Мои познания в английском языке в то время были довольно примитивными. Поэтому, полная самых лучших намерений, я дала перевести две песни, чтобы исполнять их на языке моих слушателей. И хотя усилие это было достойно всяческой похвалы, результаты оказались самыми плачевными. Вежливые аплодисменты свидетельствовали о том, что люди были благодарны за замысел, но у меня не было уверенности, что они все понимали. Вероятно, из-за моего произношения. В этом, впрочем, я уже не сомневалась после представления, когда один очень любезный господин без всякой иронии - я это подчеркиваю - сказал, что ему особенно понравились две песни, которые я исполнила по... итальянски!

Тогда я попросила конферансье кратко переводить содержание французских песен. Это было другой ошибкой, ибо разрывало ткань концерта ужасной паузой. Как бы коротка ни была речь конферансье, она разрушала контакт с залом, когда мне удавалось его установить.

А удавалось мне это действительно очень редко! Объявлялся номер Эдит Пиаф. Согретый уже выступлением "Компаньонов", зал оживлялся. Айдис Пиаф (Так американцы произносили имя Эдит Пиаф.- Прим.. перев. ) - это был Париж, "веселый Париж"! Сейчас перед ними появится парижанка с обложек рекламных изданий, причесанная Антонио, загримированная еще какой-то знаменитостью и одетая в вечерний туалет стоимостью в сто пятьдесят тысяч франков!

Представляете, что это была за картина, когда выходила я в своем коротком черном платье!

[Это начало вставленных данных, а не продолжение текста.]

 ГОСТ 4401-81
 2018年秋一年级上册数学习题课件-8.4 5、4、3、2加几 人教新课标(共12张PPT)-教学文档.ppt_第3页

И это еще не все! Я не только не соответствовала их представлению о парижанке, но буквально разочаровала американцев исполнением своих песенок. Все они, начиная с "Аккордеониста" и кончая "Где мои приятели?", были невеселые. И зрители, привыкшие к мелодиям слащаво-сентиментальным, в которых "любовь" ("amour") обычно рифмовалась с "всегда" ("toujours"), а "нежность" ("tendresse") несколько более удачно с "опьянением" ("ivresse") и "ласками" ("caresses"), встали на дыбы.

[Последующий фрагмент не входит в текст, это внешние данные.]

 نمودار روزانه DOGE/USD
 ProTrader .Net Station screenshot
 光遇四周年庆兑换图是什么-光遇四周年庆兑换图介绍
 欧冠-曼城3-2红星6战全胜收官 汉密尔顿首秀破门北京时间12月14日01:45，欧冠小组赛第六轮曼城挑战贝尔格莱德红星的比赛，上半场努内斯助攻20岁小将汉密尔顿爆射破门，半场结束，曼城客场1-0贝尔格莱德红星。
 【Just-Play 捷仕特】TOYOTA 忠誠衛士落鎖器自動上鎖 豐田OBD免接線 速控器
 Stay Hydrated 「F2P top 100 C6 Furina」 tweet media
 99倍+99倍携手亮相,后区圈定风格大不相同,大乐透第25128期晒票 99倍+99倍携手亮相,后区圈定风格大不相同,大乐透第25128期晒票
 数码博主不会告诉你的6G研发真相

Подобное отношение меня удивило и огорчило, но объяснение ему я нашла много позднее, когда ближе познакомилась с американцами. Дело в том, что американец ведет весьма утомительный образ жизни. И он не ропщет на это. Вот почему после окончания рабочего дня ему нужна "разрядка". Он не отрицает наличия мерзавцев вокруг. Весь день он только и знает, что борется с ними. Но с наступлением вечера он хочет о них забыть. По своему образу жизни и по соображениям здоровья он "оптимист". Так зачем же эта маленькая француженка вздумала напоминать ему, оставившему в гардеробе все свои заботы, что на земле есть люди, которые считают себя несчастными?

Вряд ли нужно говорить, что успех у меня был весьма относительный. Оказывается, я приехала в Нью-Йорк лишь для того, чтобы мне "набили морду". Был ли это тяжелый удар? Конечно. Но я уже выдерживала и не такие и знала, что забуду этот, как и остальные. Требовалось только проявить немного смелости, то есть качество, в котором я, по счастью, никогда не испытывала недостатка.

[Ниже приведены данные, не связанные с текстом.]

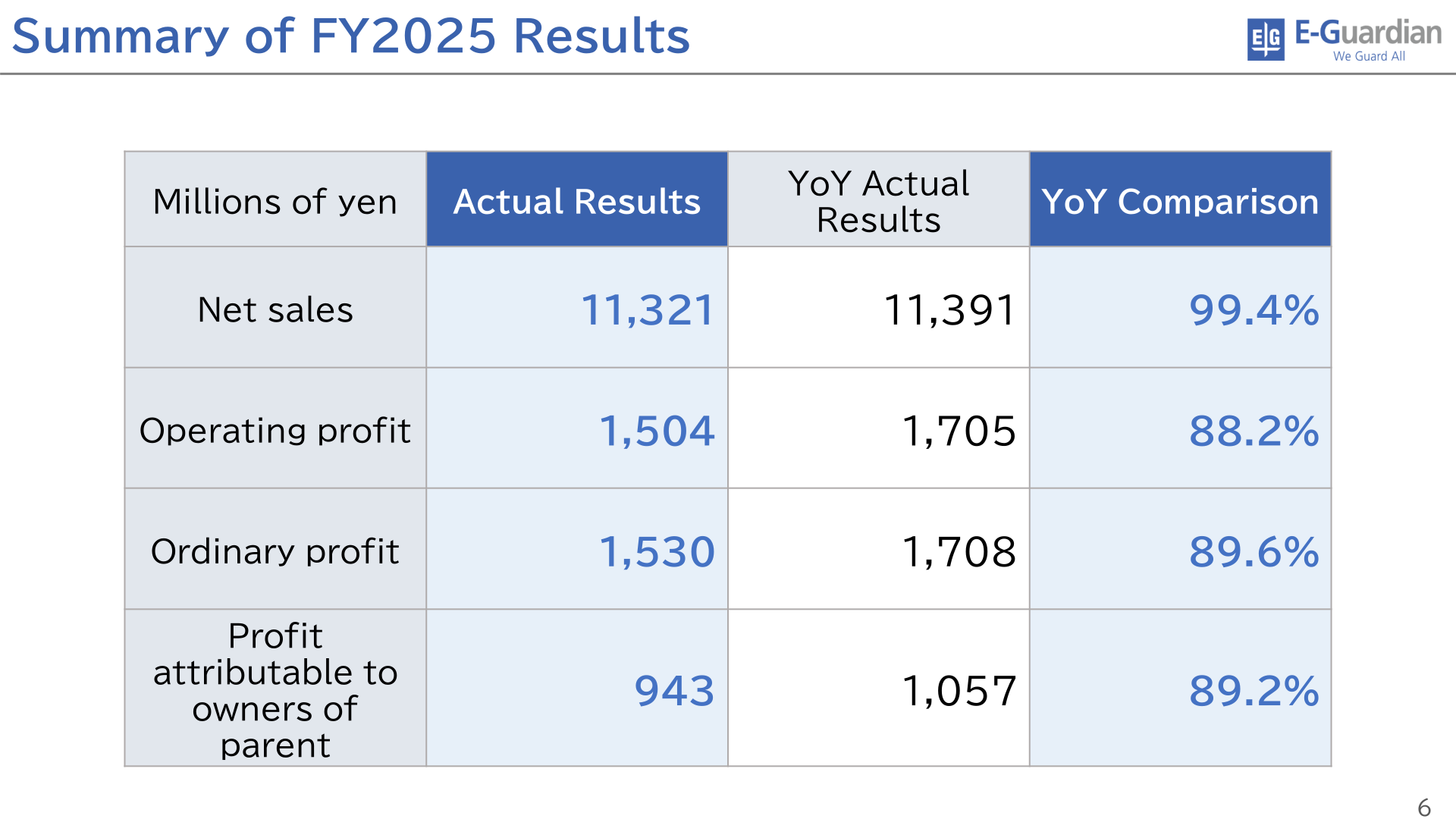 Summary of FY2025 results table showing net sales, operating profit, ordinary profit and profit attributable to owners of parent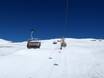 Sesvenna Alps: best ski lifts – Lifts/cable cars Watles – Malles Venosta (Mals)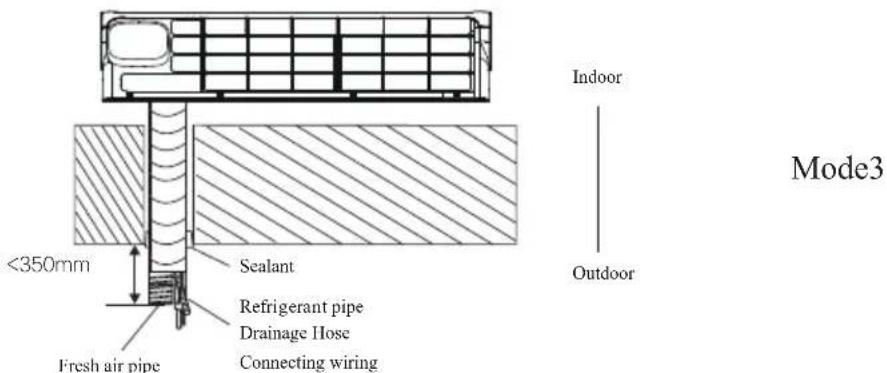 TCL FreshIN S12C8S0 - Step9: Mount Indoor Unit - 3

Зато "Компаньоны" вызывали восторг у тех самых зрителей, которые не хотели меня признавать. Побежденные красотой голосов, а также молодостью певцов, американцы восторженно принимали их. Печать высказывалась о них самым лестным образом, на мои же счет проявляла большую сдержанность.

Продолжать работать в этих условиях было бессмысленно.

- Дети мои,- сказала я "Компаньонам" после нескольких вечеров,- события показывают, что вы достаточно взрослые, чтобы идти своей дорогой. Я буду для вас лишь обузой. Мы расстаемся. Перед вами гастроли по всей Америке. А я возвращаюсь на пароход...

И я бы уехала, если бы не Виргилий Томсон.

Театральный критик Виргилий Томсон редко пишет об эстраде. Он посвятил мне две колонки на первой странице крупной нью-йоркской газеты. Эта статья и явилась столь необходимым мне "допингом". Сегодня я рассуждаю об этих вещах спокойно, но, должна признаться, несмотря на то, что позднее я взяла в Америке блестящий реванш, первый контакт с американской публикой вверг меня в великое уныние.